Sunday 3 June, 1400-1530H, Turquoise room
This three-part session will be opened by Dr Barney Scholefield, University Hospital Birmingham and University of Birmingham, UK, who will present the talk “The Tough Challenge: Cardiac Arrest in Children”.
“In 2018, too many infants and children have cardiac arrests and the survival and importantly neurodevelopmental outcome (when we know this outcome) remains poor,” says Dr Scholefield. “I don’t want ANY child to have a cardiac arrest, but if they do, I want them to have the BEST possible outcome, AND for us to continually improve in the care we provide.”
His presentation will cover the current field of paediatric cardiac arrest research and how it is coming out of the shadows of adult focused research and the importance of focusing on QUALITY in both management of CPR and individualised care. Later, he will discuss the increased use and impact of extra-corporeal life support in resourced areas and the latest insight into cardiac arrest guidelines specifically for our most challenging population; infants and children with congenital heart disease.

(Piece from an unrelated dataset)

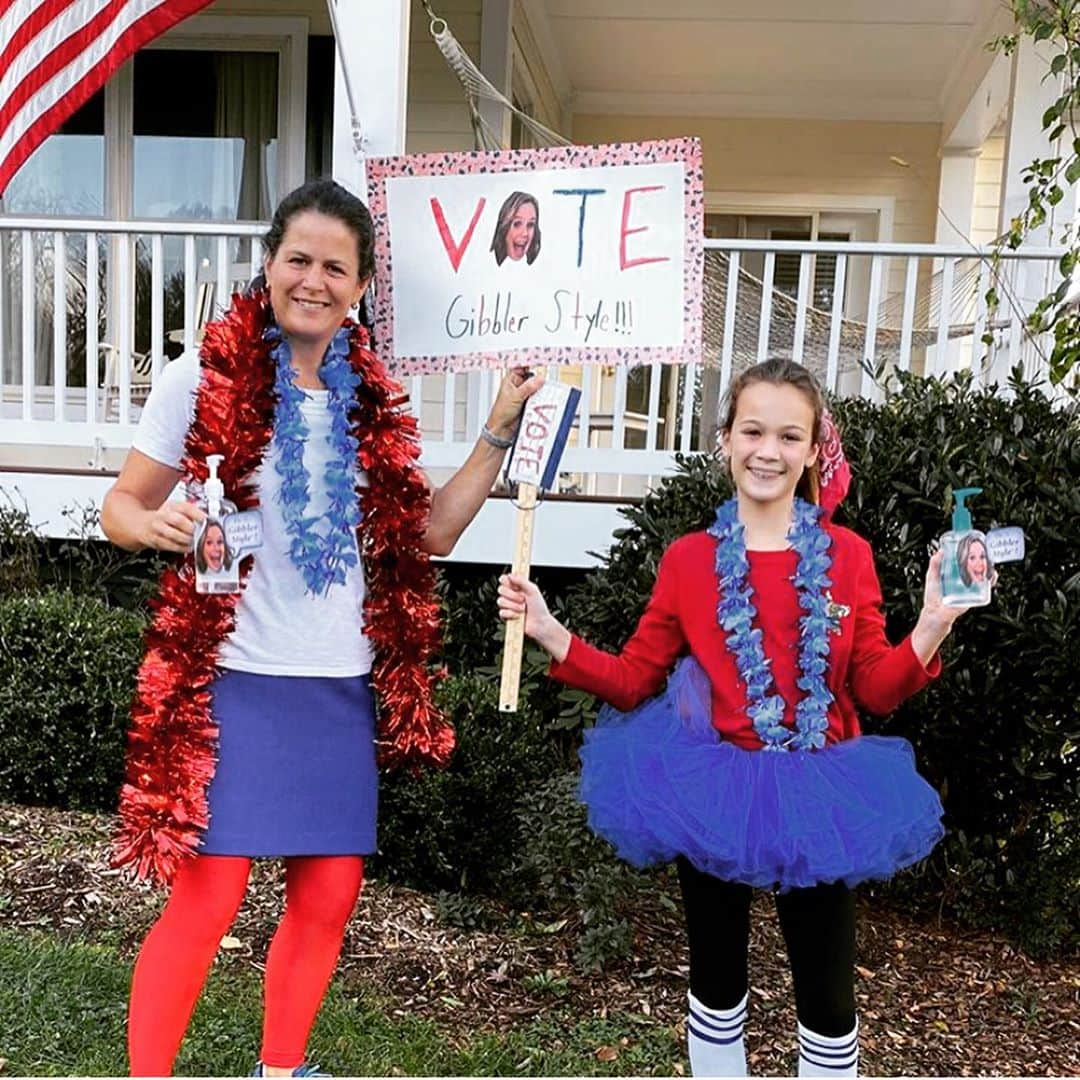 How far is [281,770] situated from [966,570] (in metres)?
1.21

Dr Scholefield concludes: “If we are to continually improve, we must identify good practice, evidenced based interventions and come together as a community to collect and learn from these infrequent, but potentially devastating events.”
The final part of the session, on how to anaesthetise a child in shock, will be presented by Professor Christoph Eich, Department of Anaesthesia, Paediatric Intensive Care and Emergency Medicine, Auf der Bult Children’s Hospital, Hannover, Germany.
“A short answer to the question ‘how to anaesthetise a child in shock’ could be: don’t anaesthetise a child in shock at all!” explains Professor Eich. “Shock means profound haemodynamic instability that is not suited to receiving an anaesthetic. All anaesthetics aggravate haemodynamical instability by their negative impact on myocardial contractility, peripheral resistance, heart rate and preload.”
He will explain that, additionally, transient hypoxaemia during apnoea and intubation may occur and further worsen haemodynamic instability, through bradycardia and hypoxic myocardial depression. He says: “So if you really need to anaesthetise a child in shock based on a robust risk-benefit decision (for example for intubation and ventilation to prevent or treat respiratory and/or myocardial decompensation) you should carefully anticipate all negative haemodynamic and respiratory effects of your anaesthetics.”
Professor Eich will go through a number of considerations that may provide some guidance: use of decreased doses of slowly titrated anaesthetics, avoidance of propofol , opioid- or (es)ketamine-based anaesthesia, use of muscle relaxants, avoidance of bradycardia, vasopressor (e.g. noradrenaline) and inotrope (e.g. adrenaline or dobutamine) stand-by or their proactive infusion, consideration of an arterial line before induction of anaesthesia, and finally avoidance of but preparation for cardiac arrest (including resuscitation manpower and skills, drugs, difficult airway equipment, and defibrillator use). He concludes: “The ultimate objective for a child in shock receiving anaesthesia should be a better cardiocirculatory and respiratory stability than before.”
The other talk in this session will be given by Dr Karl-Christian Thies, University Hospital Göttingen, Germany, who will present on damage control resuscitation in children.